While “sad stories” are always included in their apologies – after some abusive or controlling event – their behavior never changes! Keep in mind; once you become hardened to the abuser’s “sad stories”, they will simply try another manipulative approach to “suck the victim back into” and keep the victim “locked’ into the abuser.

This is the “micro-level” of the “small kindness condition” of the Stockholm Syndrome. What is the “macro” or Geopolitical level? What “small kindnesses” are you hearing about?

Well…

How about the constant promise made by politicians (in America and other “nations”) about “change” and the promise that “things are going to get better”? (Think about this “kindness”…Why should “things” have to get better? And, who’s making “things” worse?). How about the “promised kindness” of lowering your taxes? It “feels” good doesn’t it? This type of “promised kindness” brings about (alleged) “evidences of hope” and instills a sense of promise and survival of the victims of the Geopolitical construct, even when the Geopolitical system is bringing “its people” to their knees.

You want more “promised kindnesses”…how about “we” will increase your benefits, your retirement, and social “security”? How about “free” health care benefits? This is the mantra of the political machine in almost every nation on the planet. The “promise” of betterment….better days ahead…a “new deal”…a contract “with America”…a new governmental structure…out with the old administration and in with the new…building a consensus or a coalition…creation of new jobs…provide education and no child left behind…security for the homeland…protect your borders…beefing up the infrastructure…monitor terrorism…provide inoculation for a possible pandemic…bailout the banks and factories…new growth…regain our moral compass…retrain “our” young people…the children are “our” future…and “our” best days are yet to come.

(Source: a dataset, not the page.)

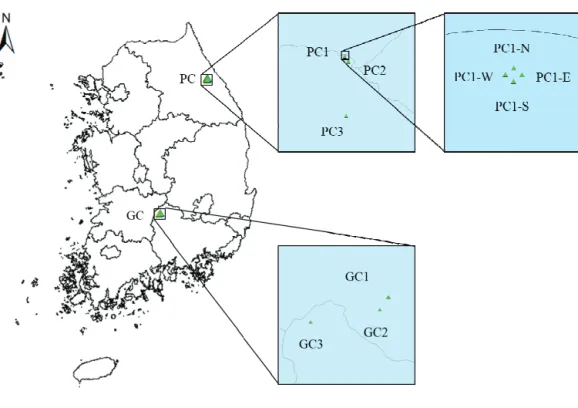 Fig. 1 Study areas for training and validation of DNN model in Pyeongchang-gun and Geochang-gun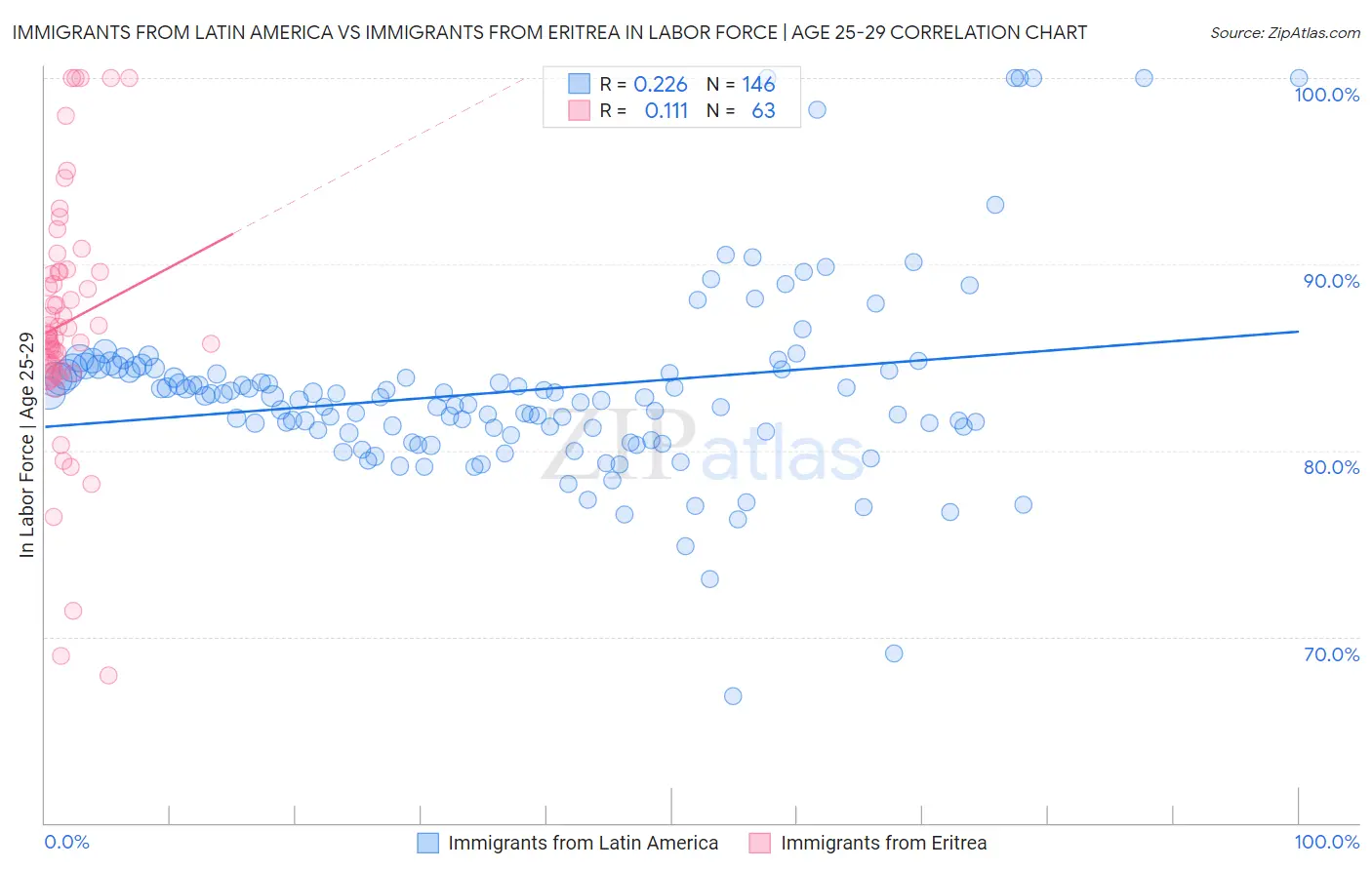 Immigrants from Latin America vs Immigrants from Eritrea In Labor Force | Age 25-29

Then, when none of this happens and as “YOUR CONDITION” gets worse…it is because “they didn’t understand the problems”…”they didn’t foresee some issue”…”they overspent in this area” because didn’t “understand the “needs of the people”…; SO…it’s time to “chart a new course”…”change direction again”…and “recapture what was lost”. It’s time for a “new administration”….RIGHT?

Does any of this sound familiar?

Stay tuned for Part Three…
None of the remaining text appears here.